■ Work to complete:
When the line with "image for item ER8735 Clark forklift" turns up below, begin repeating exactly, and carry on through the line with "Building Photo - 417 Belgian Red Wy"; no pictures go into the copy.

■ Given entries:
● ● ● ● ● ● ●
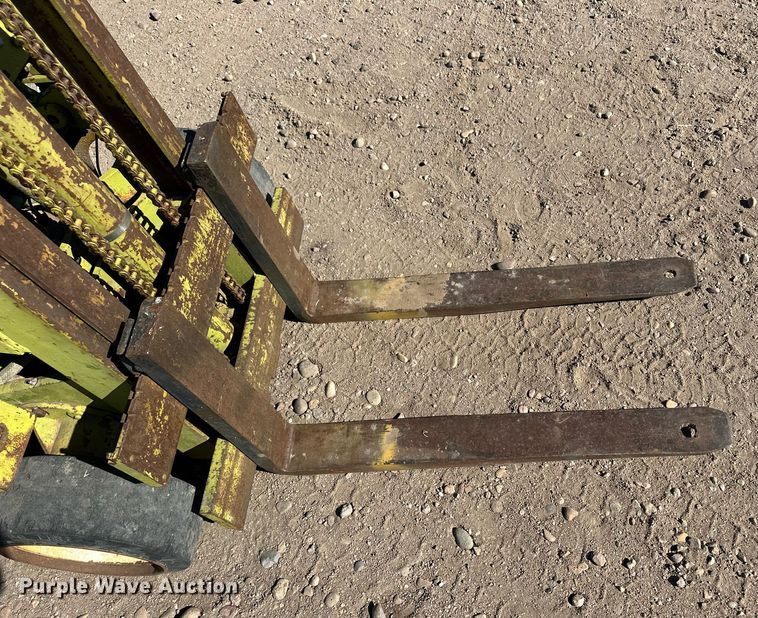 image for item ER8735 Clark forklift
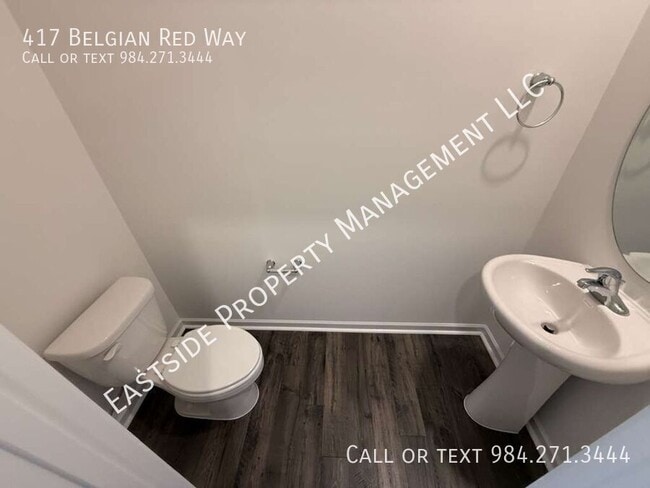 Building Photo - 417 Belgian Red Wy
● ● ● ● ● ● ●
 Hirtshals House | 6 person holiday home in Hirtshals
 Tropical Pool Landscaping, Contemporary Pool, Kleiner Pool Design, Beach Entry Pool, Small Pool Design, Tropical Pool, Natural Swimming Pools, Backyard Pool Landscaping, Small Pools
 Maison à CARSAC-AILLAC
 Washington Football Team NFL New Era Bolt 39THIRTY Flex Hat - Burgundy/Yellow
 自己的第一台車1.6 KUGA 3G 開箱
● ● ● ● ● ● ●
■ Task response:
 image for item ER8735 Clark forklift
 Building Photo - 417 Belgian Red Wy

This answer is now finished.